Kafka-ML: connecting the data stream with ML/AI frameworks

Kafka-ML is a framework to manage the pipeline of Tensorflow/Keras and PyTorch (Ignite) machine learning (ML) models on Kubernetes. The pipeline allows the design, training, and inference of ML models. The training and inference datasets for the ML models can be fed through Apache Kafka, thus they can be directly connected to data streams like the ones provided by the IoT.

ML models can be easily defined in the Web UI with no need for external libraries and executions, providing an accessible tool for both experts and non-experts on ML/AI.

You can find more information about Kafka-ML and its architecture in the open-access publication below:

C. Martín, P. Langendoerfer, P. Zarrin, M. Díaz and B. Rubio
Kafka-ML: connecting the data stream with ML/AI frameworks
Future Generation Computer Systems, 2022, vol. 126, p. 15-33
10.1016/j.future.2021.07.037

If you wish to reuse Kafka-ML, please properly cite the above mentioned paper. Below you can find a BibTex reference:

@article{martin2022kafka,
  title={Kafka-ML: connecting the data stream with ML/AI frameworks},
  author={Mart{\'\i}n, Cristian and Langendoerfer, Peter and Zarrin, Pouya Soltani and D{\'\i}az, Manuel and Rubio, Bartolom{\'e}},
  journal={Future Generation Computer Systems},
  volume={126},
  pages={15--33},
  year={2022},
  publisher={Elsevier}
}

Kafka-ML article has been selected as Spring 2022 Editor’s Choice Paper at Future Generation Computer Systems! 😊 📖 🚀

Changelog
Usage
- Single models
- Distributed models
Installation and development
Publications
License

Changelog

[29/04/2021] Integration of distributed models.
[05/11/2021] Automation of data types and reshapes for the training module.
[20/01/2022] Added GPU support. ML Code has been taken out of backend.
[04/03/2022] Added PyTorch ML Framework support!
[08/04/2022] Added support for learning curves visualization, confusion matrix generation and small changes on metrics visualization. Now datasets can be splitted into training, validation and test.
[26/05/2022] Included support for visualization of prediction data. Now you can easily prototype and visualize your ML/AI application. You can train models, deploy them for inference, and visualize your prediction data just with data streams.

Usage

To follow this tutorial, please deploy Kafka-ML as indicated below in Installation and development.

Single models

Create a model with just a TF/Keras model source code and some imports/functions if needed. Maybe this model for the MINST dataset is a simple way to start:

model = tf.keras.models.Sequential([
  tf.keras.layers.Flatten(input_shape=(28, 28)),
  tf.keras.layers.Dense(128, activation='relu'),
  tf.keras.layers.Dense(10, activation='softmax')
])
model.compile(
    optimizer=tf.keras.optimizers.Adam(0.001),
    loss=tf.keras.losses.SparseCategoricalCrossentropy(from_logits=True),
    metrics=[tf.keras.metrics.SparseCategoricalAccuracy()],
)

Something similar should be done in case you wish to use PyTorch:

class NeuralNetwork(nn.Module):
    def __init__(self):
        super(NeuralNetwork, self).__init__()
        self.flatten = nn.Flatten()
        self.linear_relu_stack = nn.Sequential(
            nn.Linear(28*28, 128),
            nn.ReLU(),
            nn.Linear(128, 10),
            nn.Softmax()
        )

    def forward(self, x):
        x = self.flatten(x)
        logits = self.linear_relu_stack(x)
        return logits

    def loss_fn(self):
        return nn.CrossEntropyLoss()

    def optimizer(self):
        return torch.optim.Adam(model.parameters(), lr=0.001)

    def metrics(self):
        val_metrics = {
            "accuracy": Accuracy(),
            "loss": Loss(self.loss_fn())
         }
        return val_metrics

model = NeuralNetwork()

Note that functions 'loss_fn', 'optimizer', and 'metrics' must necessarily be defined.
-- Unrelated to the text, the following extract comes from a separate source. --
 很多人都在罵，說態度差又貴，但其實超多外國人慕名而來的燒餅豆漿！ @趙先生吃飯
Insert the ML code into the Kafka-ML UI.

Create a configuration. A configuration is a set of models that can be grouped for training. This can be useful when you want to evaluate and compare the metrics (e.g, loss and accuracy) of a set of models or just to define a group of them that can be trained with the same data stream in parallel. A configuration can also contain a single ML model.
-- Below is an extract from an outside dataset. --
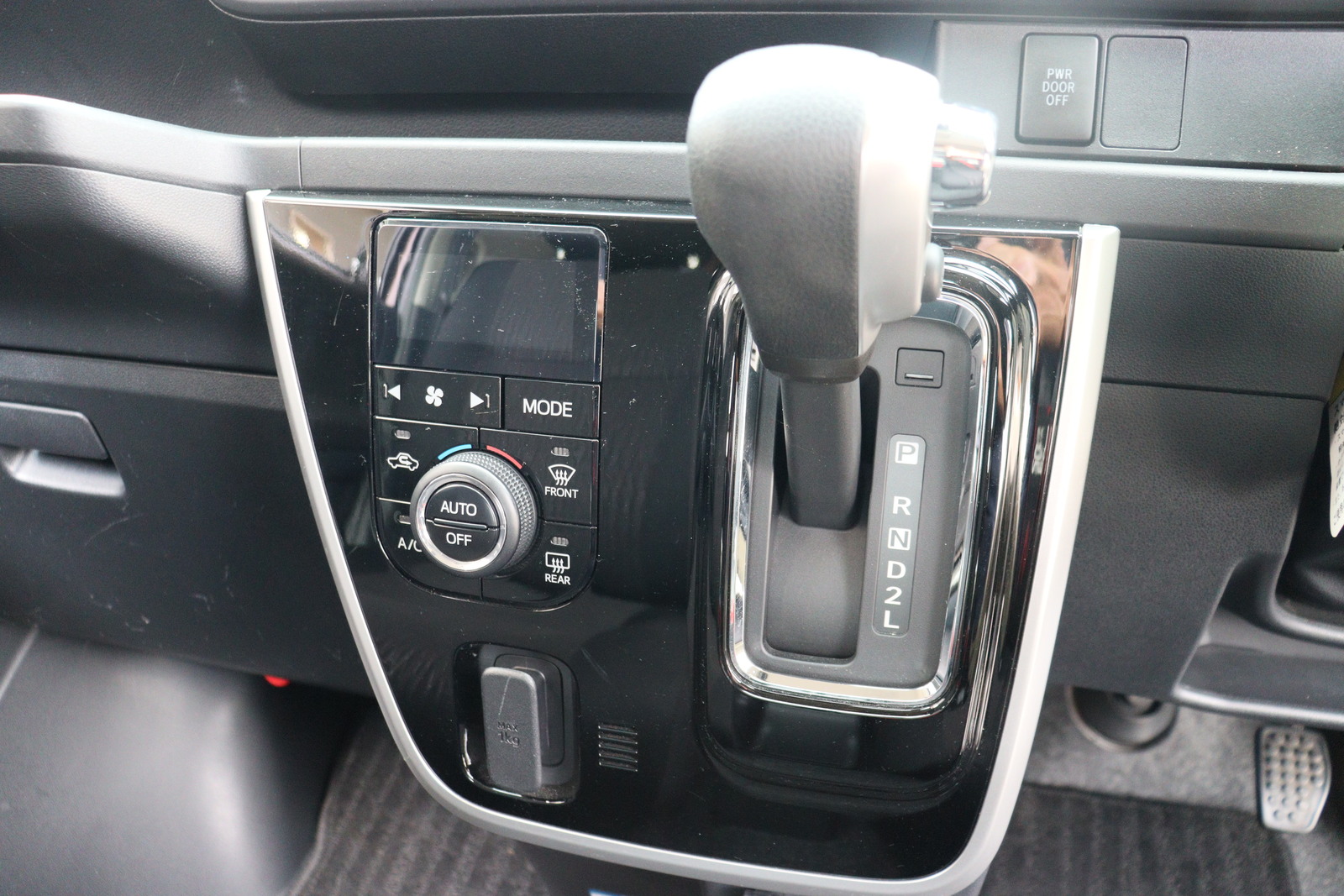 キャンピングカー軽キャンパー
Deploy a configuration of models in Kubernetes for training.

Change the batch size, training and validation parameters in the Deployment form. Use the same format and parameters than TensorFlow methods fit and evaluate respectively. Validation parameters are optional (they are only used if validation_rate>0 or test_rate>0 in the stream data received).

Once the configuration is deployed, you will see one training result per model in the configuration. Models are now ready to be trained and receive stream data.

Now, it is time to ingest the model(s) with your data stream for training and maybe evaluation.

If you have used the MINST model you can use the example mnist_dataset_training_example.py. You only need to configure the deployment_id attribute to the one generated in Kafka-ML, maybe it is still 1. This is the way to match data streams with configurations and models during training. You may need to install the Python libraries listed in datasources/requirements.txt.

If so, please execute the MISNT example for training:

python examples/MINST_RAW_format/mnist_dataset_training_example.py

You can use your own example using the AvroSink (for Apache Avro types) and RawSink (for simple types) sink libraries to send training and evaluation data to Kafka. Remember, you always have to configure the deployment_id attribute to the one generated in Kafka-ML.

Once sent the data stream, and deployed and trained the models, you will see the models metrics and results in Kafka-ML. You can download now the trained models, or just continue the ML pipeline to deploy a model for inference.

If you wish to visualise the generated confusion matrix (in case it has been indicated) or to visualise some training and validation metrics (if any) per epoch, you can access for each training result to the following view.

In addition, from this view you can access to this data in a more generic way in JSON, allowing you to generate new plots and other information for your reports.

When deploying a model for inference, the parameters for the input data stream will be automatically configured based on previous data streams received, you might also change this. Mostly you will have to configure the number of replicas you want to deploy for inference and the Kafka topics for input data (values to predict) and output data (predictions).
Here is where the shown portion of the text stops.